XML file processing with Python lxml Module

This article were to explain about lxml general functionality and demonstrate how lxml can provide XML content parsing and reading efficiently with the aim to make programmer life easier. lxml consider as one of the most feature-rich and easy-to-use library for processing XML and HTML in the Python language. This article we are going to walk through come of the core feature lxml can provides. lxml package has a quite different way of representing documents as trees. In the DOM, trees are built out of nodes represented as Node instances. Some nodes are Element instances, representing whole elements as lists.

Example XML sample file, sample.xml.

At its most fundamental, XML schema file needs to be parse and process. We may utilize parse function to quickly convert an XML file into an ElementTree.

General way to import lxml as etree, and assign xml file name/path as source

from lxml import etree
tree = etree.parse('sample.xml', parser=etree.XMLParser())

Top Level Element

print(tree.getroot())

Output:

<Element PurchaseOrders at 0x1fb8c81ed40>

Element nodes for its element children.

print(tree.getroot().getchildren())

Output:

[<Element PurchaseOrder at 0x1dae421eec0>, <Element PurchaseOrder at 0x1dae421f200>, <Element PurchaseOrder at 0x1dae421f2c0>]

Attribute nodes for its attributes.

for e in tree.getroot().getchildren():
    print(e.attrib)

Output:

{'PurchaseOrderNumber': '99504', 'OrderDate': '2001-10-20'}
{'PurchaseOrderNumber': '99505', 'OrderDate': '2001-10-22'}
{'PurchaseOrderNumber': '99503', 'OrderDate': '2001-10-22'}

Text nodes for textual content.

for e in tree.getroot().getchildren()[0]:
    print(e.text)

Output:

Please leave packages in shed by driveway.

XML schema structure

Each Element has an assortment of child nodes of various types:

Supported XML schema format can refer to below link:

Serialise XML element objects as string type

Serialize an element to an encoded string representation of its XML tree element.

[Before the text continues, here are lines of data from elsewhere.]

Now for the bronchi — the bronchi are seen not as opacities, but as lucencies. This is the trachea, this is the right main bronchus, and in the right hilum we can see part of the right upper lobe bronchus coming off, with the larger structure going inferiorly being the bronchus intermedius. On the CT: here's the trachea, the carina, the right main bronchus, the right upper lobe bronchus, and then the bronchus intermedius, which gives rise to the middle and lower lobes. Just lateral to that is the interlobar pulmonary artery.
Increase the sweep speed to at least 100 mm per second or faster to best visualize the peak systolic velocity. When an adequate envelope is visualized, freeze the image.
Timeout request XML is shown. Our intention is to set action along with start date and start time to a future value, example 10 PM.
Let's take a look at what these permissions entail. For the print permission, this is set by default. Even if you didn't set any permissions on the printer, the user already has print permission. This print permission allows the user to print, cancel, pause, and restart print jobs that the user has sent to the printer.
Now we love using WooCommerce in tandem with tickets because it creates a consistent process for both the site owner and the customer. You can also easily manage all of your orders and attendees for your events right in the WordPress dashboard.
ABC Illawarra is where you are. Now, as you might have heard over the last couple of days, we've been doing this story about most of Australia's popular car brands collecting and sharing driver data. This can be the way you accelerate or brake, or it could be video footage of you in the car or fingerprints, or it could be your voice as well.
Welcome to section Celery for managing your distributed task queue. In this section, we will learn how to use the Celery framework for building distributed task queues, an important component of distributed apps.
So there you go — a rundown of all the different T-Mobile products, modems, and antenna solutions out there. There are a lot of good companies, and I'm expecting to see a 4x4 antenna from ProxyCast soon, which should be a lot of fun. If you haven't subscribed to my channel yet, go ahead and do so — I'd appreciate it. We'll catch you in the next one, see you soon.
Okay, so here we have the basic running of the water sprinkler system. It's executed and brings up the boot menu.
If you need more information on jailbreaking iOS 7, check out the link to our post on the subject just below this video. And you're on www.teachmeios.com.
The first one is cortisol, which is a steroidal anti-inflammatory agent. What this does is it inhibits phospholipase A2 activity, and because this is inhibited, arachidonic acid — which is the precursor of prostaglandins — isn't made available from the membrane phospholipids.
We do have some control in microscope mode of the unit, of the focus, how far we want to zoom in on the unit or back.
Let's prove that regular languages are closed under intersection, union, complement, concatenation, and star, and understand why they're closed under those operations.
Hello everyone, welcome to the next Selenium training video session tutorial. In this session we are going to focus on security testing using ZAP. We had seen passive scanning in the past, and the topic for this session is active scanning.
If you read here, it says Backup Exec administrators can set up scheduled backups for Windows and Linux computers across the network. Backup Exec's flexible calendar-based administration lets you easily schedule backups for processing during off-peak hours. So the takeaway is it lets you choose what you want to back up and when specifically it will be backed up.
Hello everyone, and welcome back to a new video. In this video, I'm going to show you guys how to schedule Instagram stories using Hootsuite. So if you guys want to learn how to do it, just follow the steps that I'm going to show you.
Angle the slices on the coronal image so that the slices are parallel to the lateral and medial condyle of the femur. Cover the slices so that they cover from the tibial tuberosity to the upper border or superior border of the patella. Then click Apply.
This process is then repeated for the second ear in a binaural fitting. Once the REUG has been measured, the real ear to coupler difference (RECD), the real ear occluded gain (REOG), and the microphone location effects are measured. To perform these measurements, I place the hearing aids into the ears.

print(etree.tostring(tree.getroot().getchildren()[0]).decode("utf-8"))

Output:

<PurchaseOrder PurchaseOrderNumber="99504" OrderDate="2001-10-20">
    <Address Type="Shipping">
      <Name>Amy Adams</Name>
      <Street>123 Maple Street</Street>
      <City>Mill Valley</City>
      <State>CA</State>
      <Zip>10999</Zip>
      <Country>USA</Country>
    </Address>
    <Address Type="Billing">
      <Name>Chong Wei</Name>
      <Street>8 Oak Avenue</Street>
      <City>Old Town</City>
      <State>PA</State>
      <Zip>95819</Zip>
      <Country>USA</Country>
    </Address>
    <DeliveryNotes>Please leave packages in shed by driveway.</DeliveryNotes>
    <Items>
      <Item PartNumber="872-AC">
        <ProductName>Lawnmower</ProductName>
        <Quantity>1</Quantity>
        <USPrice>148.95</USPrice>
        <Comment>Confirm this is electric</Comment>
      </Item>
      <Item PartNumber="926-AD">
        <ProductName>Dell Monitor</ProductName>
        <Quantity>2</Quantity>
        <USPrice>39.98</USPrice>
        <ShipDate>1999-05-21</ShipDate>
      </Item>
    </Items>
  </PurchaseOrder>

XML Content search

lxml provides multiple function to locate ElemenTree (ET) element path. For this particular demonstration findall seem to be a good fit to locate matching keyword within which child element, and return its index number.

Set search element path

roottree = tree.getroot()
subelement = roottree[0].tag           # PurchaseOrder
findalltree = tree.findall(subelement)

print(findalltree)

[<Element PurchaseOrder at 0x16675a1f040>, <Element PurchaseOrder at 0x16675a1f380>, <Element PurchaseOrder at 0x16675a1f440>]

Setup search argument and enumeration expression and condition.
For this particular use case, the objective were to identify interested information reside within which sub-element object. For demonstration purposes, "PartNumber" used as unique keyword to identify sub-element object index id, and sub-element objects.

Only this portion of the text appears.